Dataset items
------------------------------------------------------------------------

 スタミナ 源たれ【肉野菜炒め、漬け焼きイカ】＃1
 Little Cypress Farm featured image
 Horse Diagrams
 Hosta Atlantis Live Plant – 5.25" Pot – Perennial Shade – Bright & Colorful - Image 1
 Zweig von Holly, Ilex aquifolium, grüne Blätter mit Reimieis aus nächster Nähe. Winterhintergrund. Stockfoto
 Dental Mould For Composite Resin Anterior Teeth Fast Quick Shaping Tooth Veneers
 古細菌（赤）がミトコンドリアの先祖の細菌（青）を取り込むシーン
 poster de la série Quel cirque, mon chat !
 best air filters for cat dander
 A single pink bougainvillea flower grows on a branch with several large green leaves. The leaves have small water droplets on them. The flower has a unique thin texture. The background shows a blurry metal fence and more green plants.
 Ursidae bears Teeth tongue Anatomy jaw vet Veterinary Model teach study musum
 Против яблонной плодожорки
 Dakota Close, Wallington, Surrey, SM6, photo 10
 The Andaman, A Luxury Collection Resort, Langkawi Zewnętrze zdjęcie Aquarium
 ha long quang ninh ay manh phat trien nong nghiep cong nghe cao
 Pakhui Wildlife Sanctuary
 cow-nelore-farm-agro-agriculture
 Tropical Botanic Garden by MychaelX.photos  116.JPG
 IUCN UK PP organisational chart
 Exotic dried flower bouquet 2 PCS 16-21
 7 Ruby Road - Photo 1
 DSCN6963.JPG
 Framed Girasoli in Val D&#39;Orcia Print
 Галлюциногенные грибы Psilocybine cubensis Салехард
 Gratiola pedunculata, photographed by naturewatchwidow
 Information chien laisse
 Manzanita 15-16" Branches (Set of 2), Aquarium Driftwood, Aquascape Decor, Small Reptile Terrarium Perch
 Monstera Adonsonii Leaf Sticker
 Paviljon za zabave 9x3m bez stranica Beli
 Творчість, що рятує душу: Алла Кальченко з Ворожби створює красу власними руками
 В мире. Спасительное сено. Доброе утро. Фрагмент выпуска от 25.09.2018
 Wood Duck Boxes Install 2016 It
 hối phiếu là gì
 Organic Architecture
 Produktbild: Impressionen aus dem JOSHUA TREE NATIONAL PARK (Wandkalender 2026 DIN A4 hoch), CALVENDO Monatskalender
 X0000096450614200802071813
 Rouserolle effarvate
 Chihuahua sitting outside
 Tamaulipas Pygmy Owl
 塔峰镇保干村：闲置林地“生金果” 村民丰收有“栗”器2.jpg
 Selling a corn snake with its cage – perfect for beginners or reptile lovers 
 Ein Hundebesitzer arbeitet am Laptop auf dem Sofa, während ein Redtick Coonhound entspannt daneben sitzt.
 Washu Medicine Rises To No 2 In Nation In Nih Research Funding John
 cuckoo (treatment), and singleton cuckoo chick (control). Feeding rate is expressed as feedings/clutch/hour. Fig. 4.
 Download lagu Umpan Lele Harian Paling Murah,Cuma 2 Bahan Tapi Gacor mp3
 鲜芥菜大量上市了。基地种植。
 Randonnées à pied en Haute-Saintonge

------------------------------------------------------------------------

→ **Work task**
Beginning with the very first line of the records above, please retype each line through the one that has "Zweig von Holly, Ilex", and add nothing.

→ **Reply**
 スタミナ 源たれ【肉野菜炒め、漬け焼きイカ】＃1
 Little Cypress Farm featured image
 Horse Diagrams
 Hosta Atlantis Live Plant – 5.25" Pot – Perennial Shade – Bright & Colorful - Image 1
 Zweig von Holly, Ilex aquifolium, grüne Blätter mit Reimieis aus nächster Nähe. Winterhintergrund. Stockfoto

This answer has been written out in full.